== AIM OF THE TASK ==
From the line containing "Creative Tropical Leaf" through the last line of the entries, output the text exactly. Pictures stay out.

== SUPPLIED MATERIAL ==
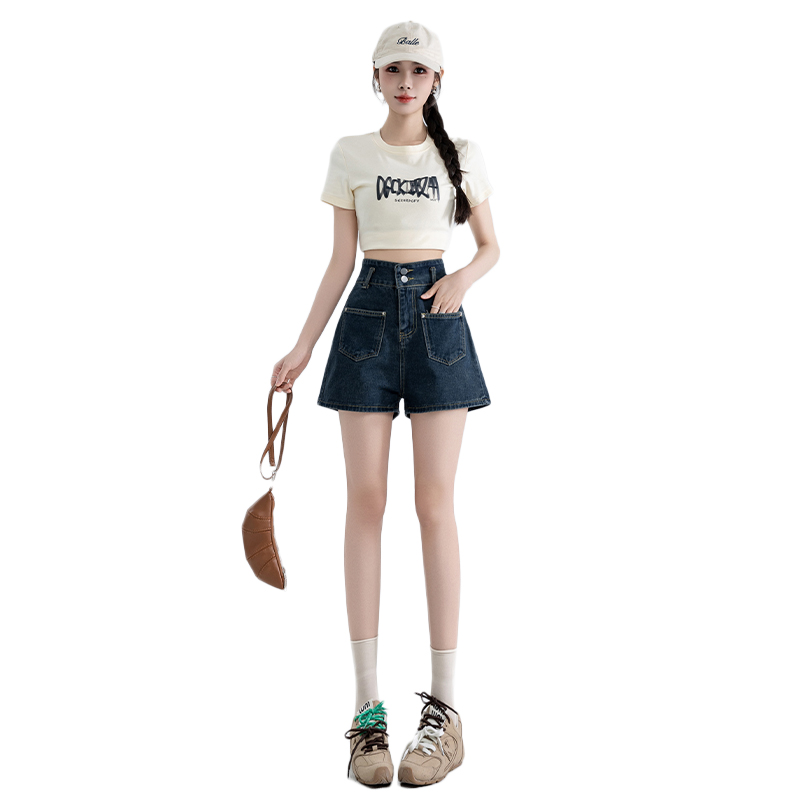 Loose summer short jeans wide leg retro shorts for women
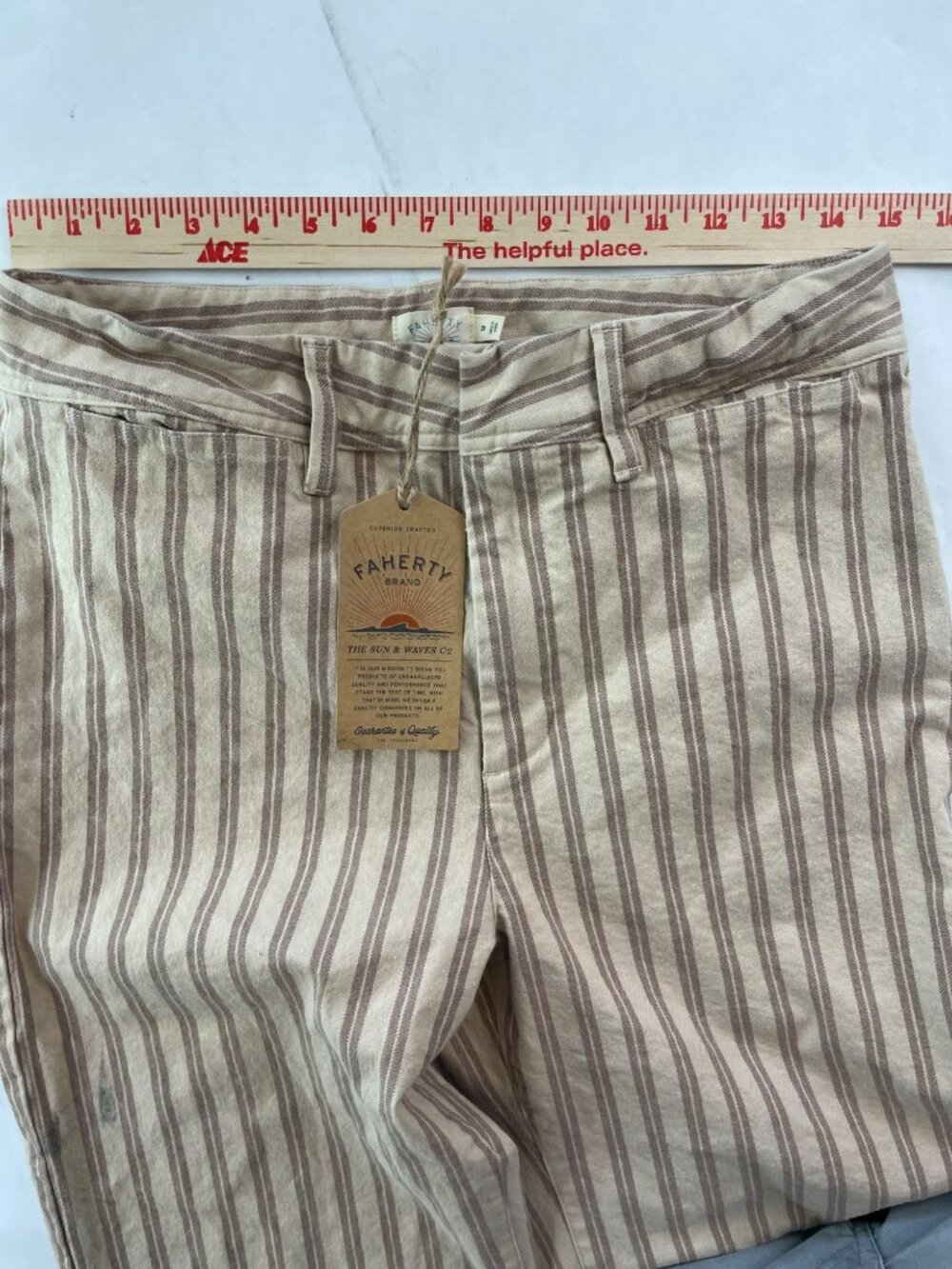 Faherty Twill Tide Slim Straight Pants Ebb-Pebble Shore Stripe Cotton Wmns Sz 29 - Picture 13 of 15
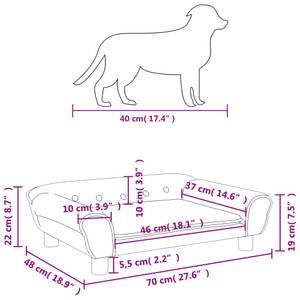 Lit pour chien 3015978 Gris lumineux - 70 x 22 x 48 cm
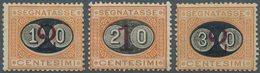 Italien - Portomarken: 1890/1891, Overprints, Three Values Complet Mint Original Gum With Hinge Remn - Portomarken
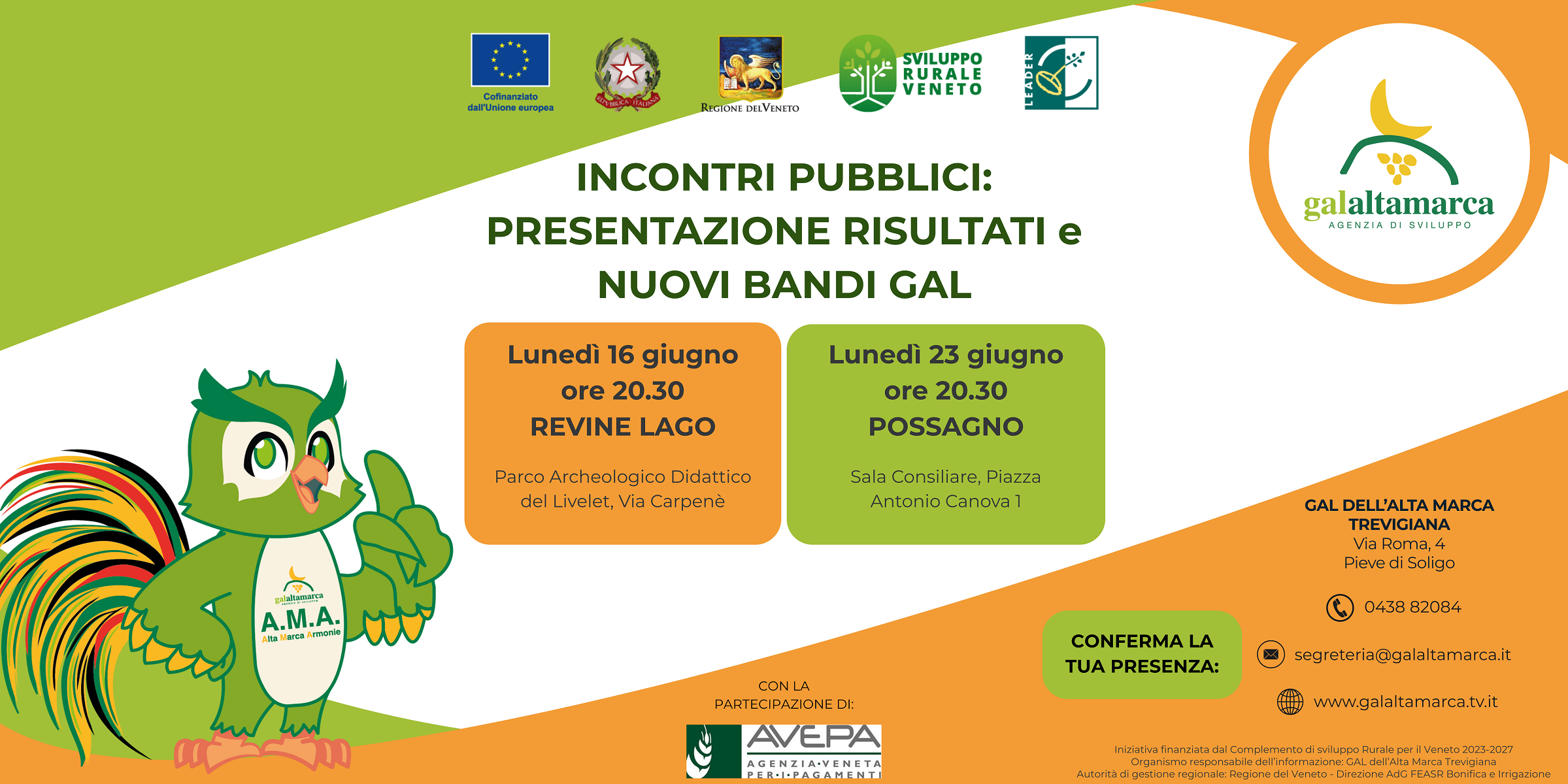 INCONTRI PUBBLICI: PRESENTAZIONE BANDI GAL, RISULTATI PSL 2014-2022 E STATO AVANZAMENTO PSL 2023-2027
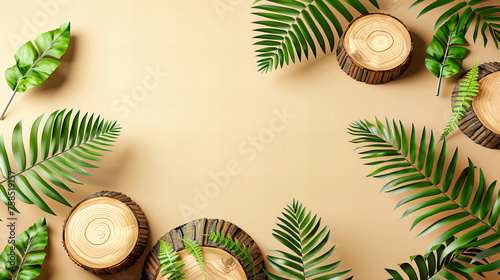 Creative Tropical Leaf Design on a Pastel Background, Perfect for Summer and Nature Themes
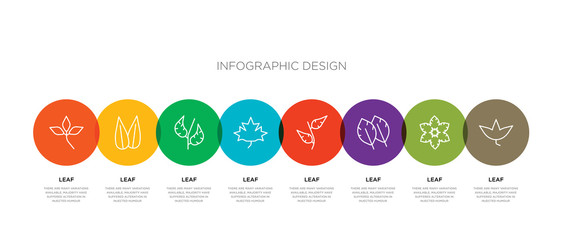 8 colorful  outline icons set such as leaf, leaf, leaf,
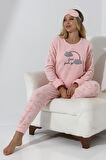 Fawn 5010 Peluş Welsoft Polar Kışlık Yumoş Kadın Pijama Takımı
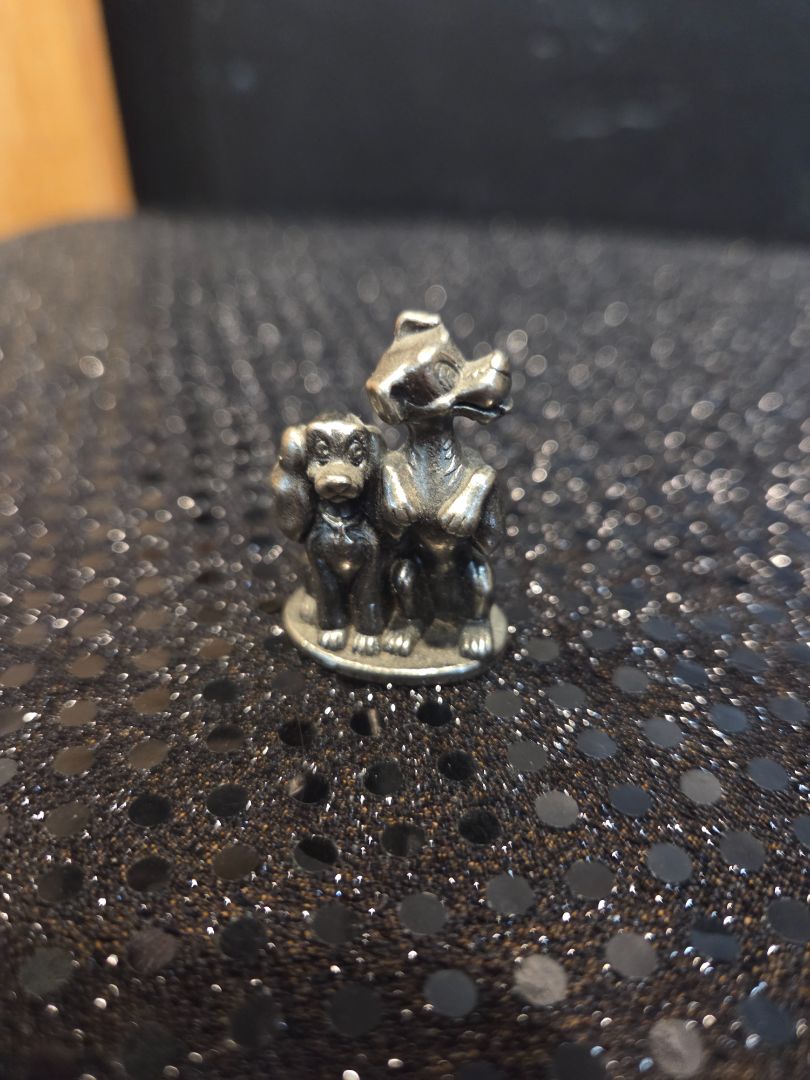 Vintage Pewter Lady and the Tramp from Disney Monopoly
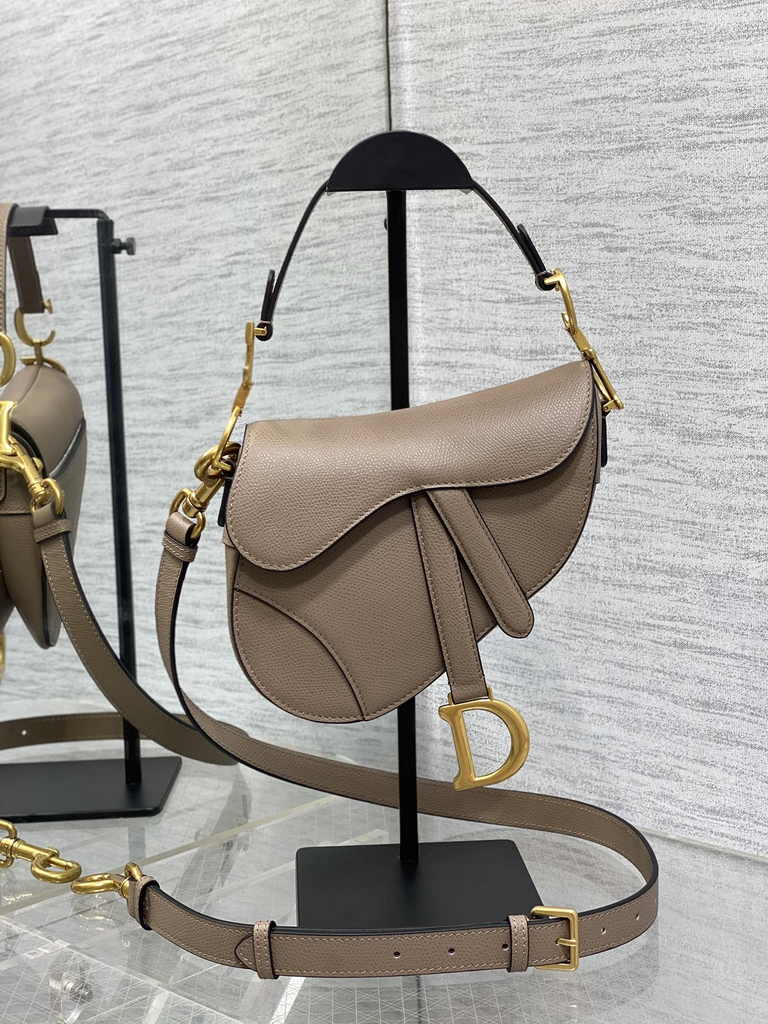 Dior Mini Saddle Bag with Strap M0456 Warm Taupe Grained Calfskin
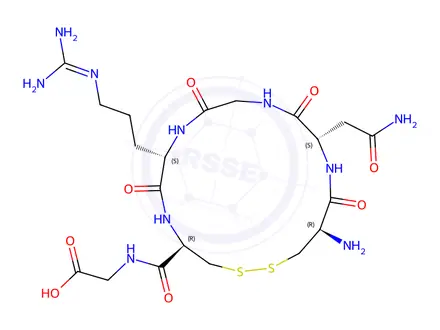Chemical structure of ((4R,7S,13S,16R)-16-Amino-13-(2-amino-2-oxoethyl)-7-(3-guanidinopropyl)-6,9,12,15-tetraoxo-1,2-dithia-5,8,11,14-tetraazacycloheptadecane-4-carbonyl)glycine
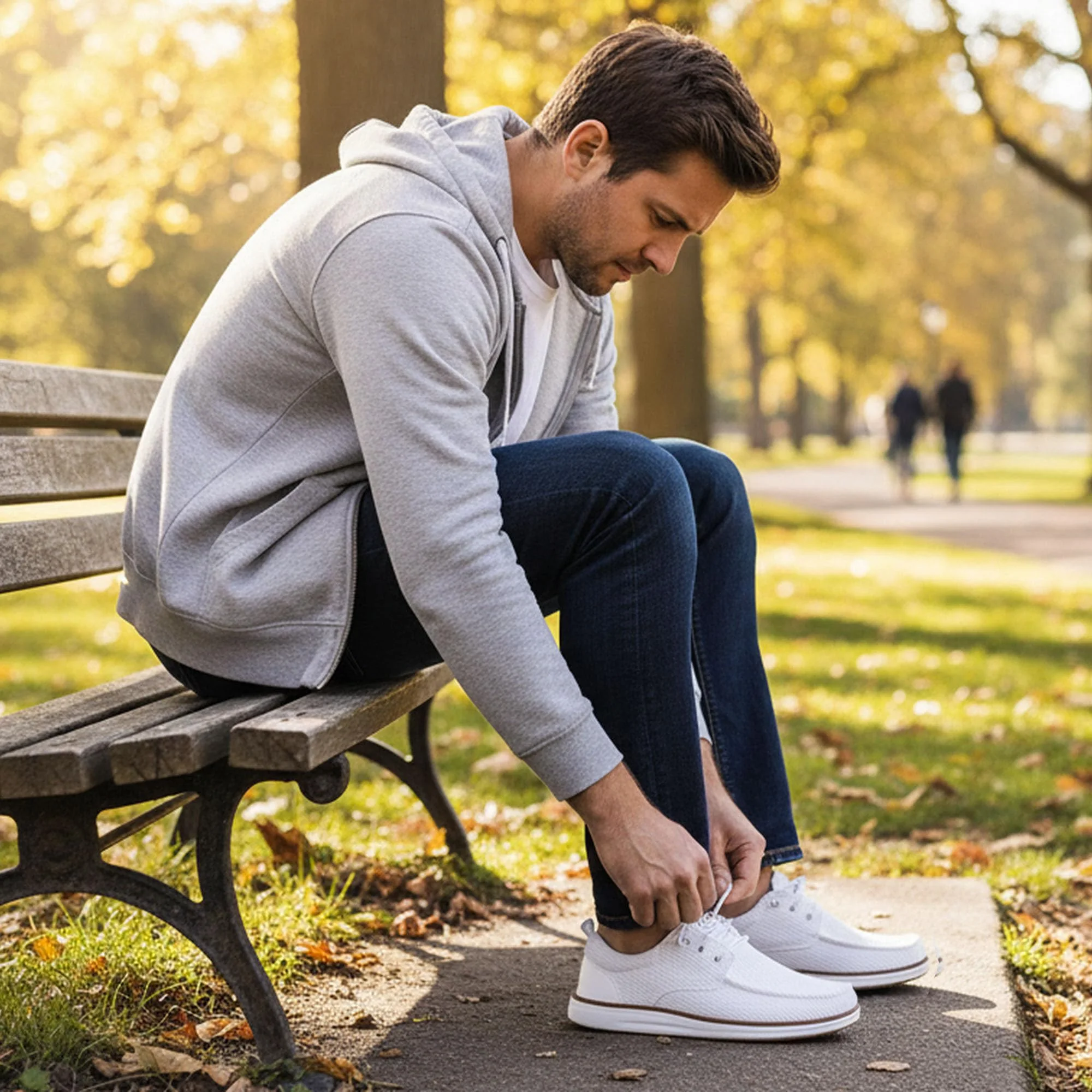 A man on a park bench lacing ASITVO knit boat loafers
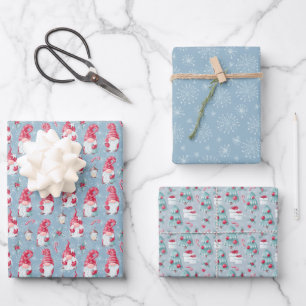 Süßer Weihnachtsfeiertags-Gnom Geschenkpapier Set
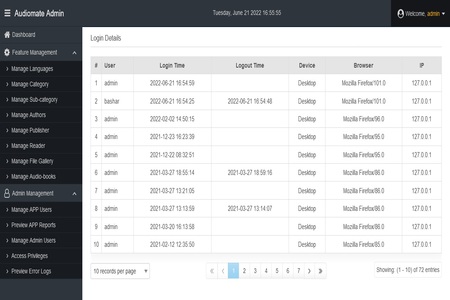 Audio Mate Admin Panel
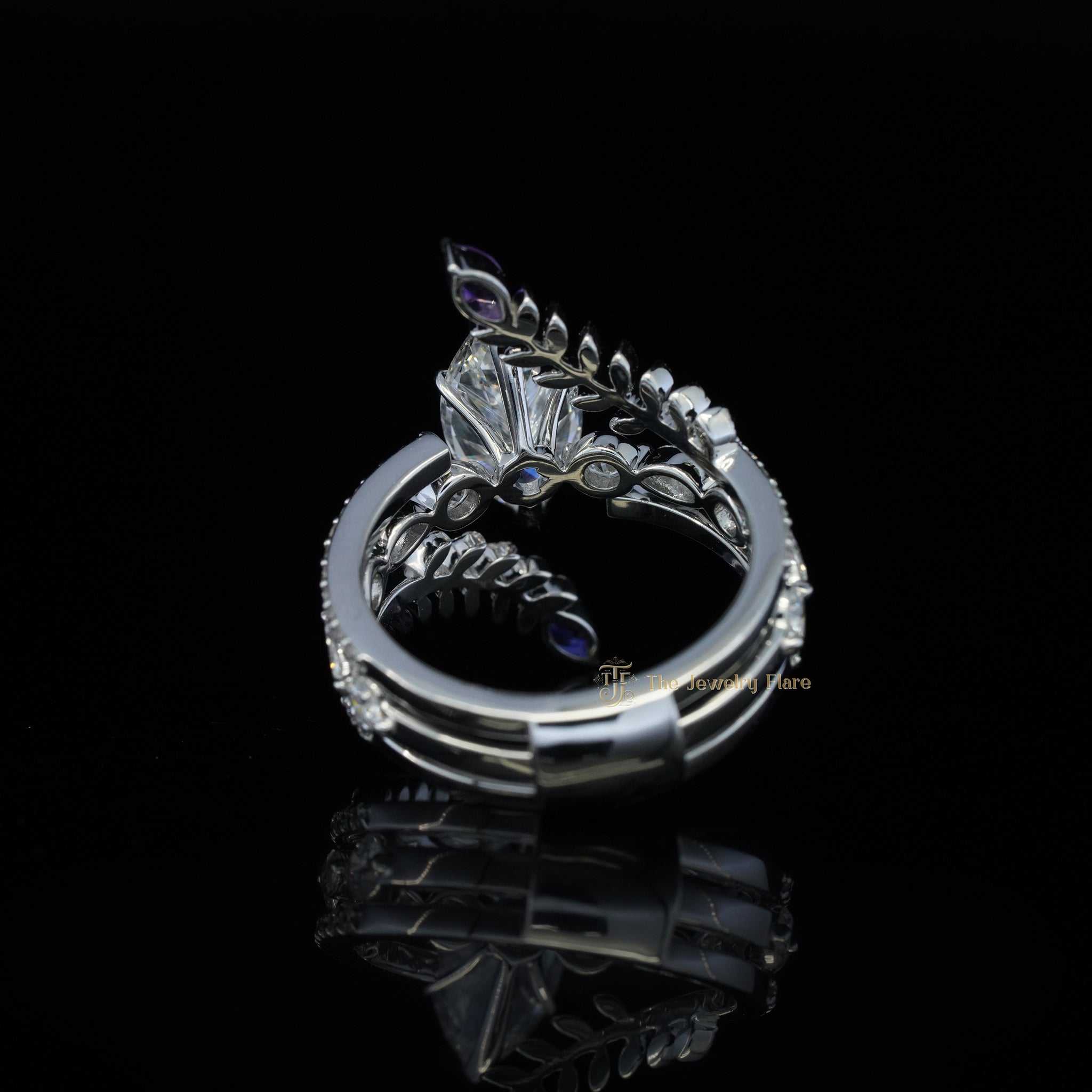 Vintage Floral Style Marquise and Round Diamond Ring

== TASK OUTPUT ==
 Creative Tropical Leaf Design on a Pastel Background, Perfect for Summer and Nature Themes
 8 colorful  outline icons set such as leaf, leaf, leaf,
 Fawn 5010 Peluş Welsoft Polar Kışlık Yumoş Kadın Pijama Takımı
 Vintage Pewter Lady and the Tramp from Disney Monopoly
 Dior Mini Saddle Bag with Strap M0456 Warm Taupe Grained Calfskin
Chemical structure of ((4R,7S,13S,16R)-16-Amino-13-(2-amino-2-oxoethyl)-7-(3-guanidinopropyl)-6,9,12,15-tetraoxo-1,2-dithia-5,8,11,14-tetraazacycloheptadecane-4-carbonyl)glycine
 A man on a park bench lacing ASITVO knit boat loafers
 Süßer Weihnachtsfeiertags-Gnom Geschenkpapier Set
 Audio Mate Admin Panel
 Vintage Floral Style Marquise and Round Diamond Ring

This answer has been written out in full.